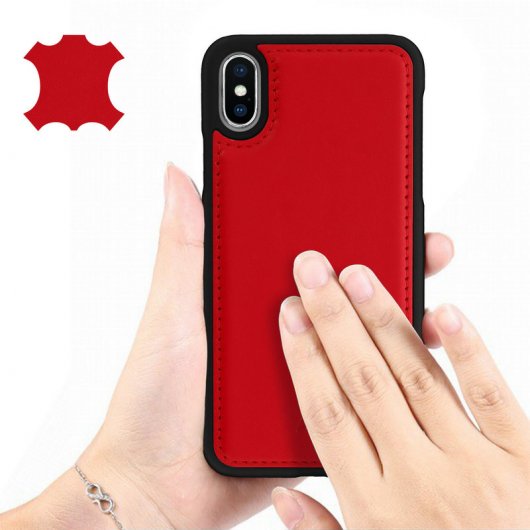 Akashi Funda de Piel Genuina Roja para iPhone X/XS
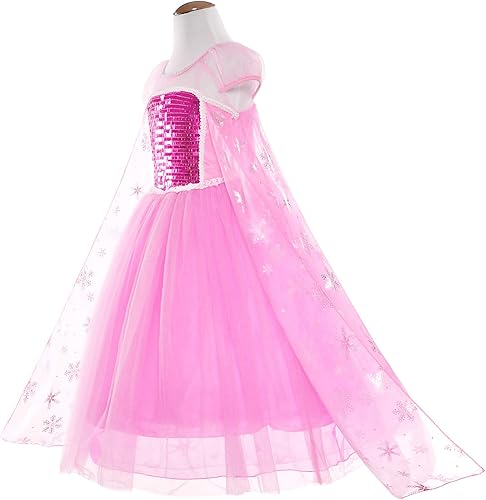 Miniatura 4 de Party Chili - Disfraz de princesa para fiestas de cumpleaños para niñas pequeñas con corona, maza, guantes y accesorios para niñas de 3 a 12 años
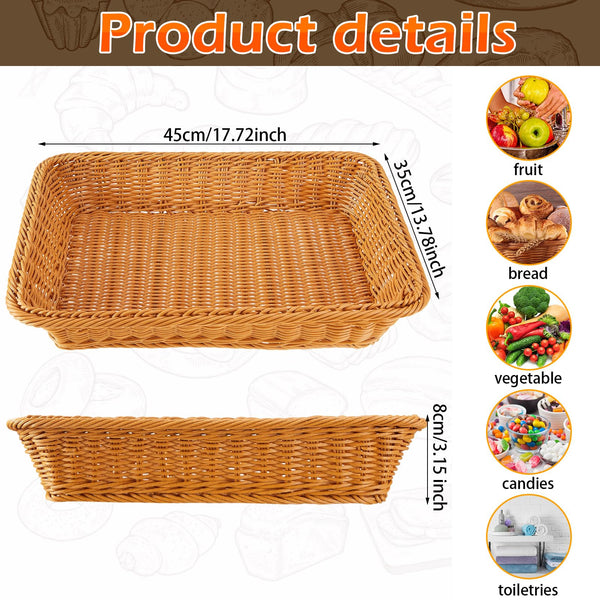 Wicker Bread & Serving Baskets – Set of 10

_What you are asked to do_: Copy out the listing above in full and keep the pictures out.

_Exercise answer_:
 Akashi Funda de Piel Genuina Roja para iPhone X/XS
 Miniatura 4 de Party Chili - Disfraz de princesa para fiestas de cumpleaños para niñas pequeñas con corona, maza, guantes y accesorios para niñas de 3 a 12 años
 Wicker Bread & Serving Baskets – Set of 10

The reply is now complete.